Principle: fail at startup for structural problems, surface content problems through the validate tool. Operators can fix the file and re-run; consumers (Claude) can read the validation errors and explain them.

9. Testing

  • Unit tests (vitest) covering:
  • parseRobotMd on valid fixtures (minimal, bob, so-arm101, turtlebot4 — copied from the Python test fixtures)
  • parseRobotMd on malformed inputs (no frontmatter, bad YAML, mismatched H1)
  • validateParsed on valid + each category of invalid fixture
  • renderYaml round-trip behavior
  • One integration test that:
  • Spawns server.ts with an in-process MCP transport from the SDK
  • Calls resources/list, resources/read, tools/call validate, tools/call render
  • Asserts the returned payloads match expected shapes
  • CI matrix: Node 18, 20, 22.
  • schema-sync-check CI step: MD5 compare the bundled schema against a freshly-fetched canonical copy; fail if they differ.

10. Distribution

  • Release workflow follows the rcan-ts pattern we established:
  • Tag push (v*.*.*) → build-and-test job → github-release job that attaches the .tgz to the GitHub release.
  • workflow_dispatch with publish_npm=truenpm-publish job that uses NPM_TOKEN.
  • v0.1.0 ships as a GitHub release with tarball attached; npm publish runs once NPM_TOKEN is configured (tracked separately — not this design's concern).
  • README install sections document both paths:
# once on npm
npx robot-md-mcp /path/to/ROBOT.md

# during the npm-blocked window
npm i github:RobotRegistryFoundation/robot-md-mcp#v0.1.0

11. Coupling with the v0.2 signing design

This release is strictly a reader. It makes zero claims about authenticity, so it takes no dependency on v0.2-design.md §13.
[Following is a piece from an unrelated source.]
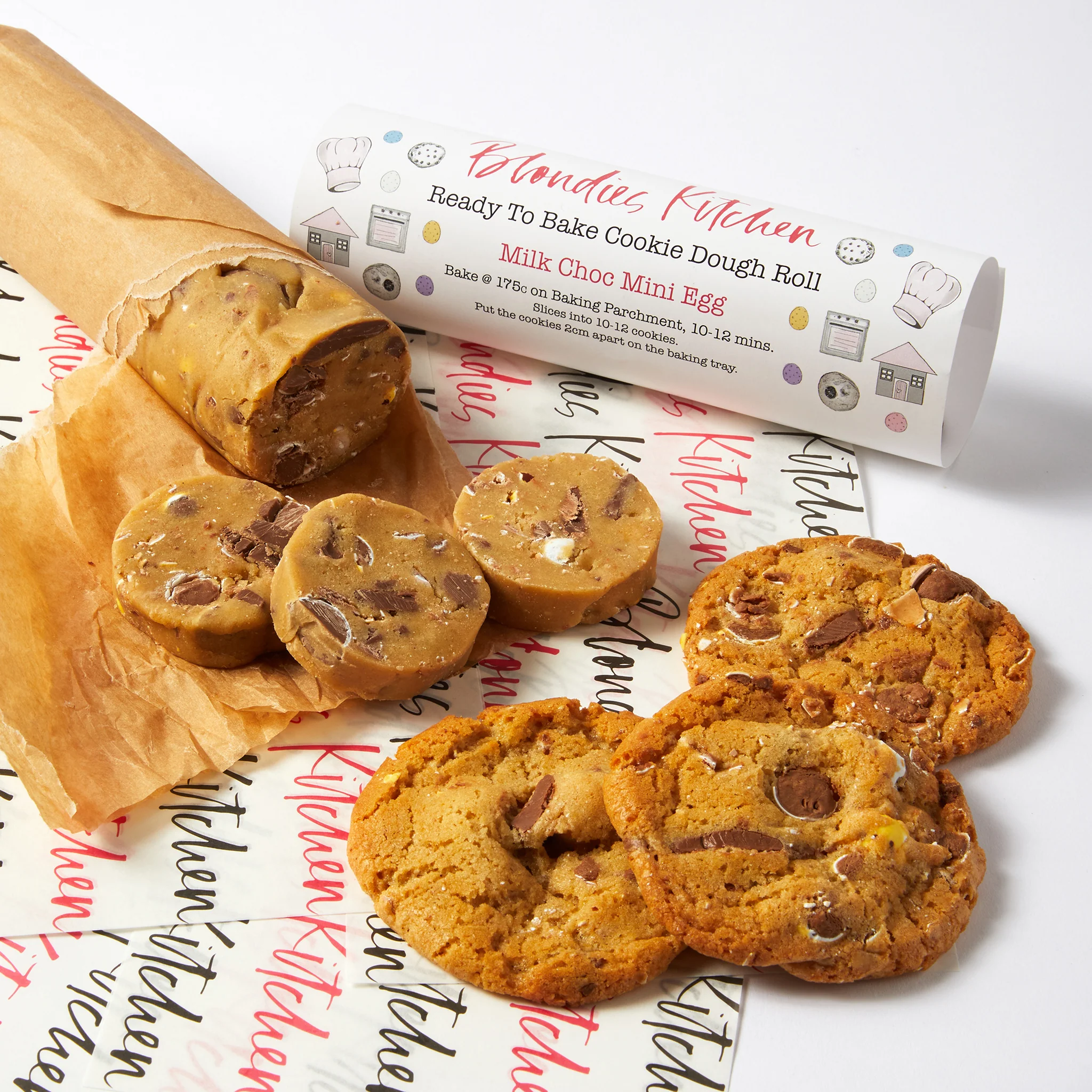 Ready to Bake Cookie Dough Roll - Milk Choc Mini Egg - Image 2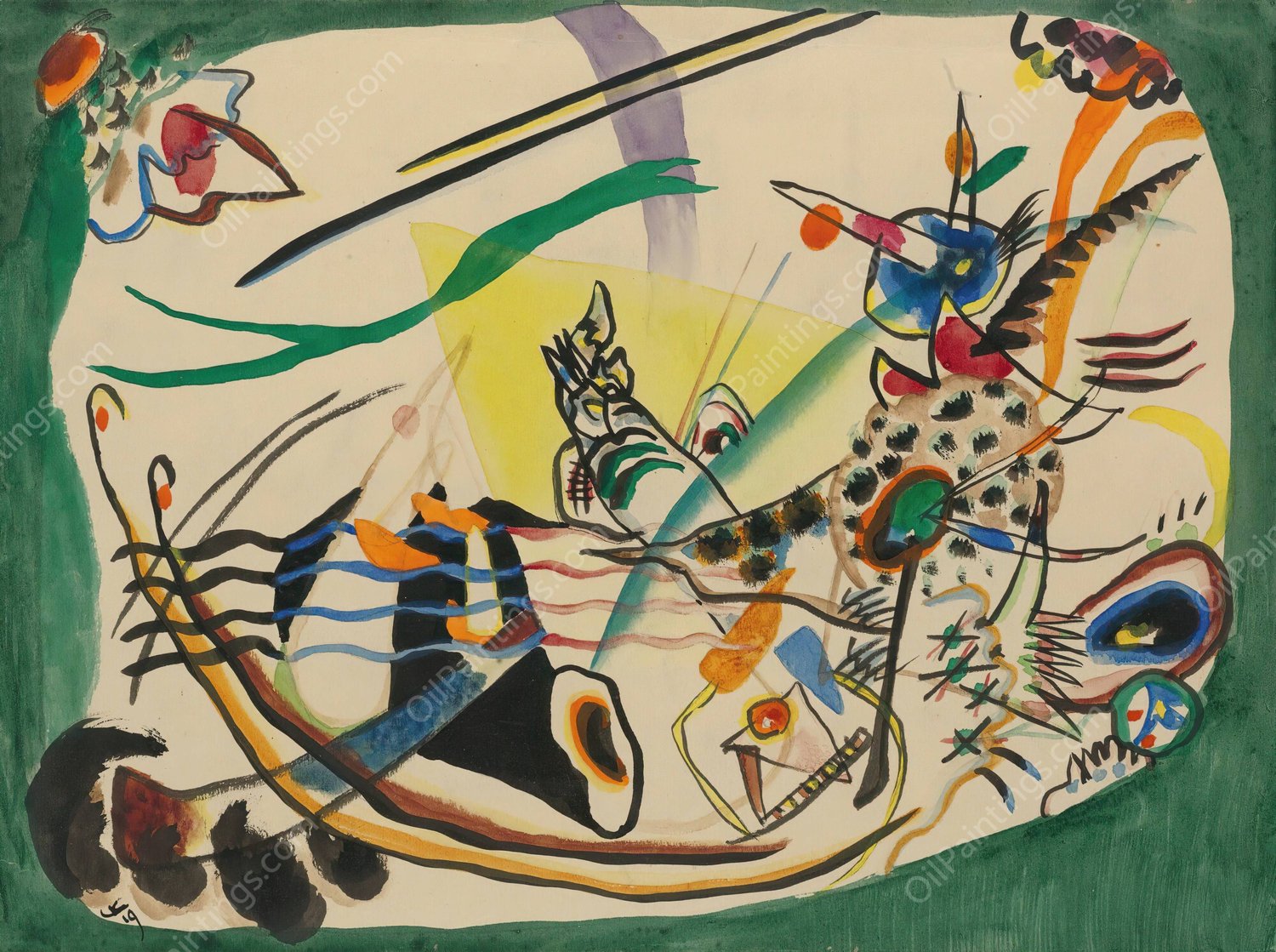 Entwurf Zu 'Gruner Rand' by Wassily Kandinsky - Hand-Painted Oil Painting Reproduction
Post-§13 changes the server will grow:

  • A new resource: robot-md://<name>/signature (or /envelope) — once detached .sig semantics land.
  • A new tool: verify — returns signature-validity + key-fingerprint
  • manifest_version.
  • New tools: invoke_skill, query_status — but only once the signed-command wire shape is frozen. The design of those tools is explicitly out of scope for this document.

The v0.1 resource and tool URIs are stable and will not change when those additions arrive.
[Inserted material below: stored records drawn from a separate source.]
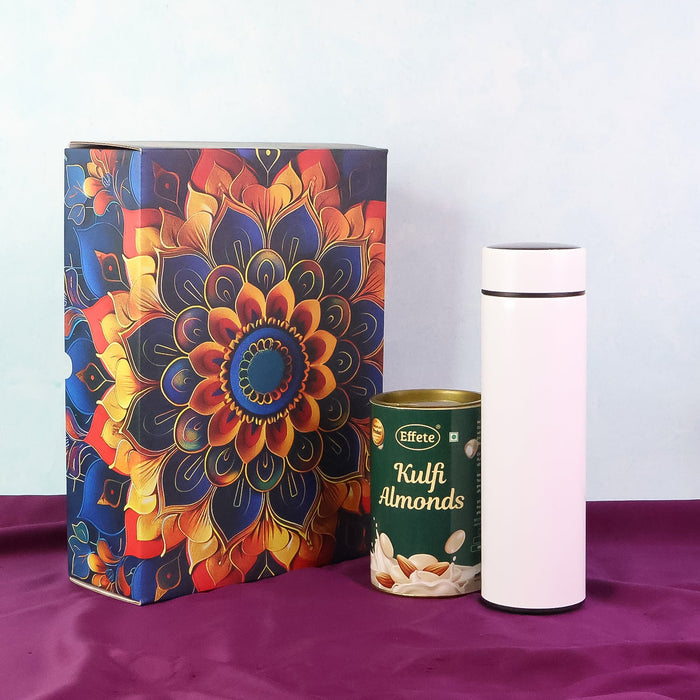 Effete Kulfi Almonds Gift Hamper, Golden With Bottle (2 Pc Set), Mix Color by Your Brand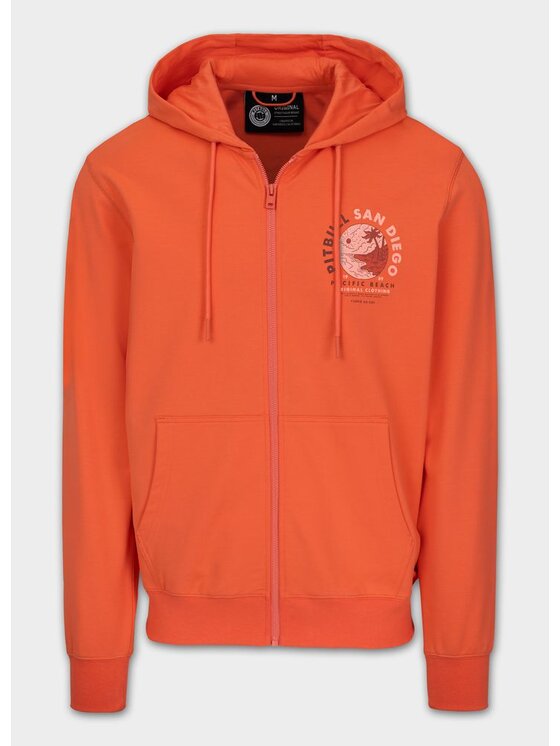 PITBULL PITBULL Bluza Bluza męska rozpinana z kapturem PLANET SURF M Pomarańczowy Regular Fit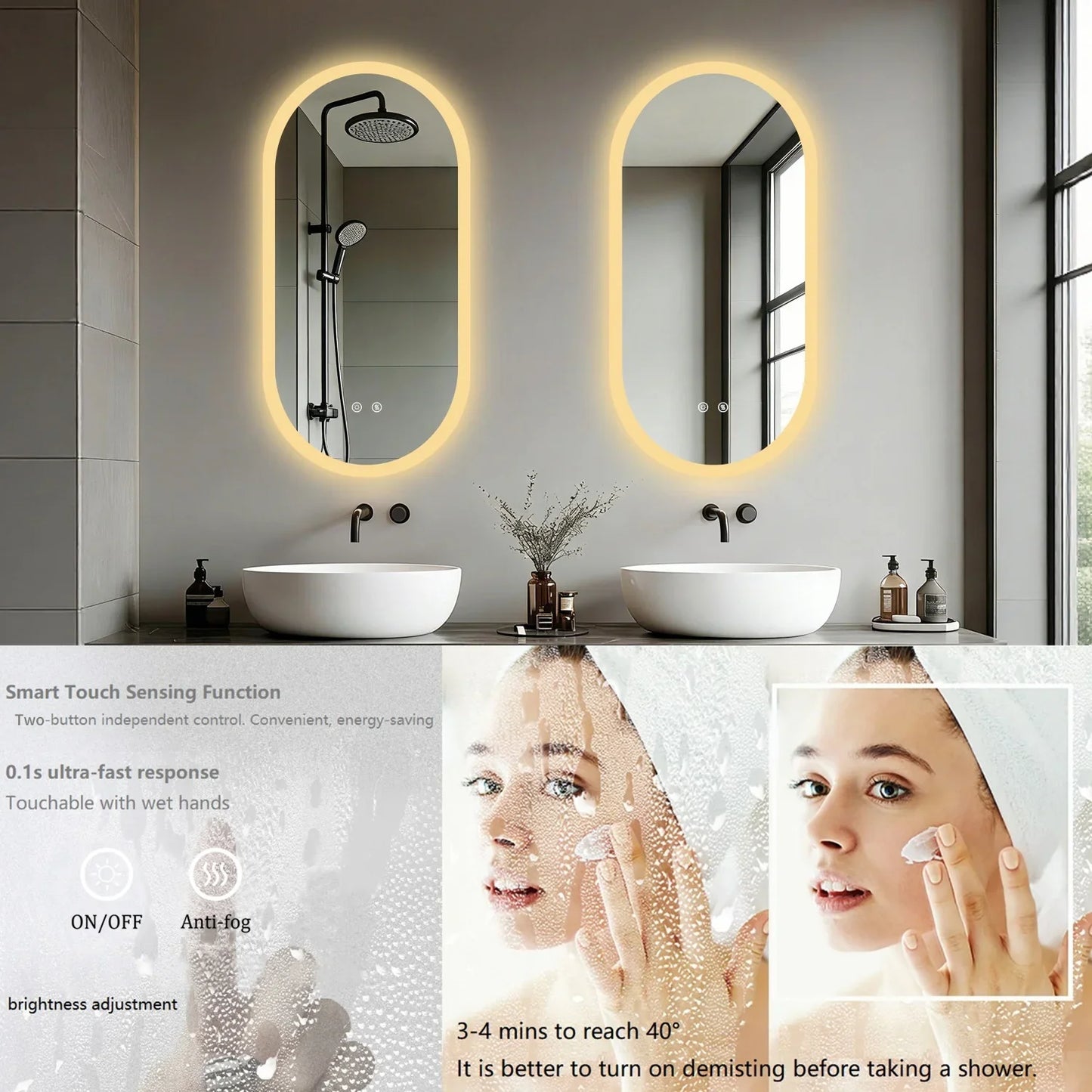 Long Oval LED Bathroom Mirror, Backlit Illuminated Bathroom Vanity Mirror, Memory Function Anti-Fog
12. Open items (tracked for implementation, not blocking)

  • Package-signing / provenance: npm supports --provenance publish which records a signed attestation tied to the GH Actions workflow. Low-cost to add; do it in v0.1 release if the npm publish step lands cleanly.
  • README example using autodetect: once a v0.1 release is live, a two-line README recipe — robot-md autodetect --write ROBOT.md then npx robot-md-mcp ROBOT.md — closes the Tier 0 60-second loop in a way a new operator can follow end-to-end.
  • Schema fetching fallback: if scripts/sync-schema.mjs should fetch from https://robotmd.dev/schema/v1/robot.schema.json as a fallback when the repo-relative path is unavailable. Minor.
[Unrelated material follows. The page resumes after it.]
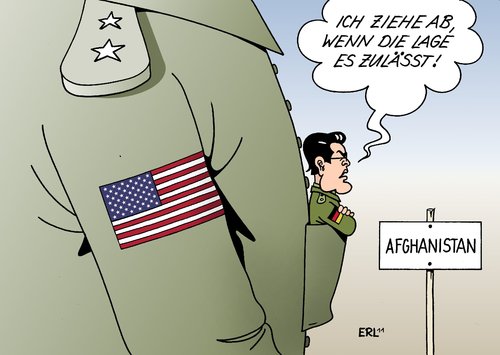 Cartoon: Feldherr (medium) by Erl tagged afghanistan,einsatz,bundeswehr,bundestag,mandat,verlängerung,abzug,lage,krieg,usa,afghanistan,einsatz,bundeswehr,bundestag,mandat,verlängerung,usa,krieg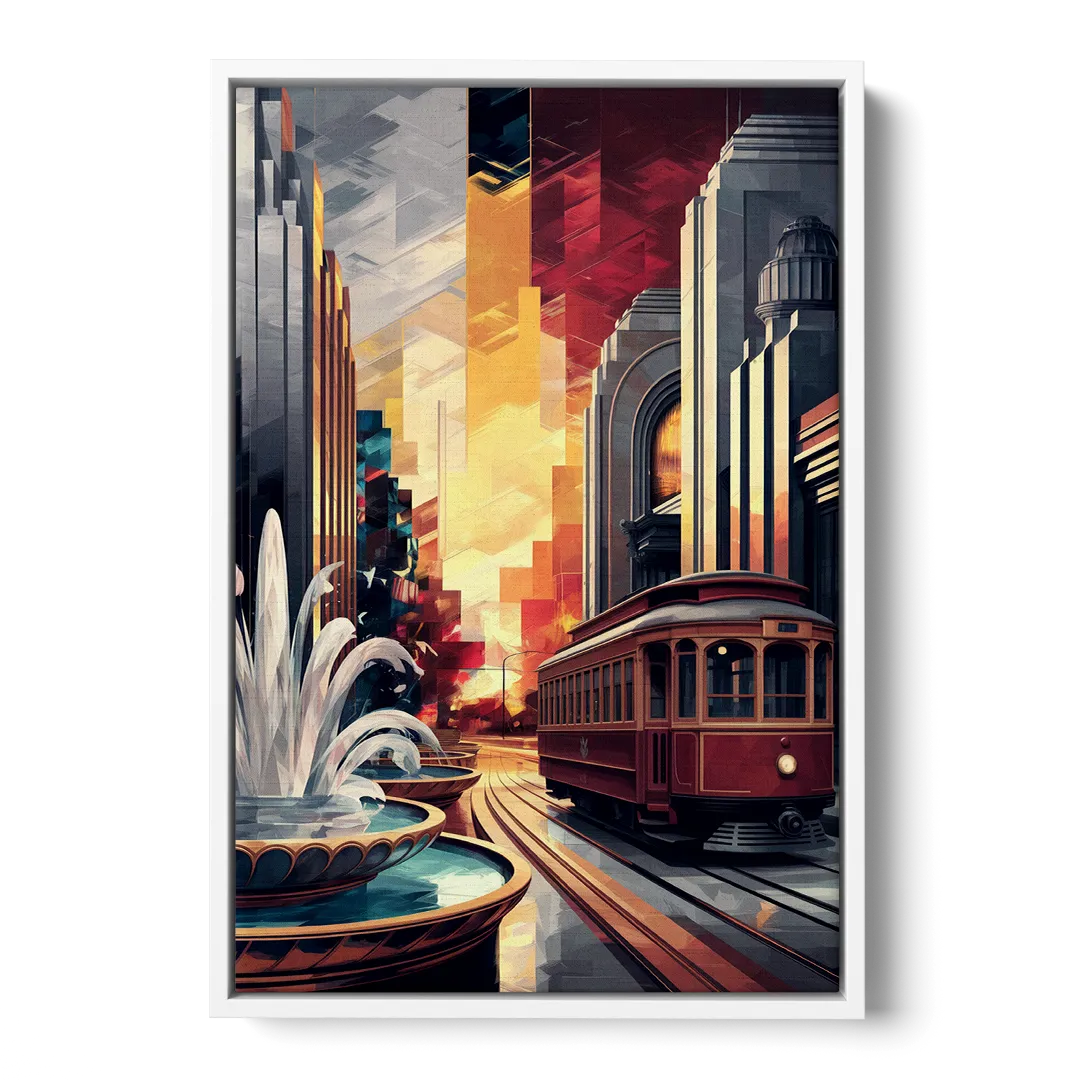 Kansas City Cultural Icons - White Frame Canvas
13. Implementation plan (deferred to writing-plans)

This design is the input to a separate implementation plan (writing-plans skill). The plan will sequence:

  1. Repo scaffold + toolchain
  2. Parser + validator + render (pure functions, tests first)
  3. MCP server wiring + tools
  4. Fixtures + integration test
  5. CI workflows + schema-sync check
  6. README + release v0.1.0 (GH release only)
  7. Post-release: enable npm publish once NPM_TOKEN is sorted

Each step is an independent PR with its own review gate.